Talking of Football Manager Handheld, where is it? When I last spoke to Jacobson he was waiting for the iPhone 5 announcement, tick, and for Football Manager 2013 to be released, tick. Well, he couldn't narrow it down further than "before Christmas" on both iOS and Android because of submission processes. Game features will be announced in the next couple of weeks.

"But we will have a PSP version again this year as well," he revealed, "which is either going to come on 30th November or 7th December, depending on how quickly we can get the discs manufactured."

The PSP game will work and be available to download on Vita. Whether or not a bespoke Vita Football Manager game happens depends on hardware sales. "A lot of that's going to depend on how Vita does this Christmas, because we are a niche game and we need a certain amount of devices to be out there. If there's not a market for us to be able to make the game make money on it, we won't do it, but fingers crossed, because there's a lot of people here that would like to be working on it."

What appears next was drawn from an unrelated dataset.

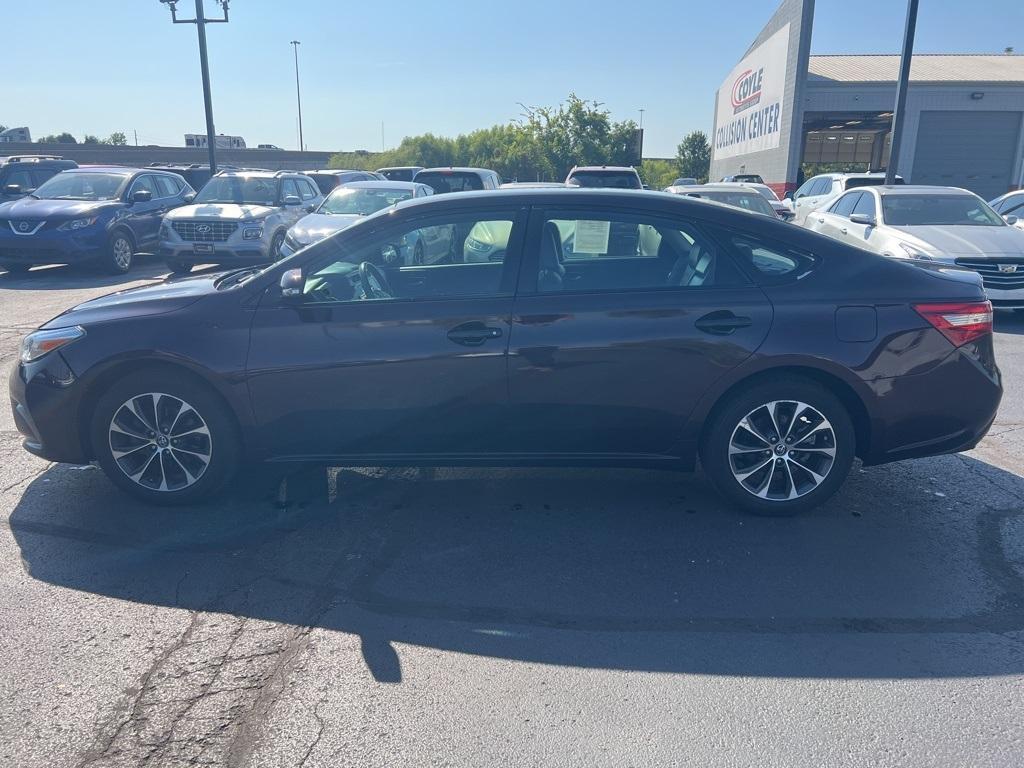 used 2017 Toyota Avalon car, priced at $18,161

If you pre-ordered Football Manager 2013 you could play a beta version two weeks early. It wasn't meant as a way to find bugs, but find them players did. The overhauled match engine was disallowing goals, letting in goals at back posts from corners, making goalkeepers do "silly" things and having defenders sometimes ignore the ball. God, how unrealistic. There's a new version of the match engine in the Football Manager 2013 release build and "all those are nailed", said Jacobson. "It wasn't the original point of doing the beta pre-order," he admitted, "but it ended up being a very nice side-effect of it."

"If there were no dishonest people in the world then we would do a public beta."

Miles Jacobson

SI spends "a fortune" each year - "hundreds upon hundreds of thousands of pounds" - on QA testing Football Manager both in-house and out (apparently there are a couple of hundred people in "the world of football" who give feedback on the game). But all that can't match the collective testing of the thousands of people in that pre-order beta. So why doesn't SI use a beta as many MMO companies do, to weed out the bugs in their vast worlds or simulations?

"Well we do have a beta and we have around 150 to 200 people on the beta. The problem with doing public betas is public betas lead to your game being cracked," Jacobson said. "If there were no dishonest people in the world then we would do a public beta. It's a shame but that is the way of the world."

So it is that Football Manager has to live with having a bit of a reputation for bugs. Perhaps it's an unavoidable part of being a very complex, procedurally generated game.

"I'd love to be able to say to you that at some point in the future we will have a game with no bugs in it at all," Jacobson said. "But I'm a realist, so we just do the best that we possibly can to iron out issues that are there.

"And also," he added, "some things people think are bugs actually aren't, so we have to be careful to make sure that we are accurately simulating football and not accurately simulating the best 11 players playing the best 11 players on a pitch that's actually made of perfect carpet."

Football Manager 2013 is out now and £29.99 on Steam.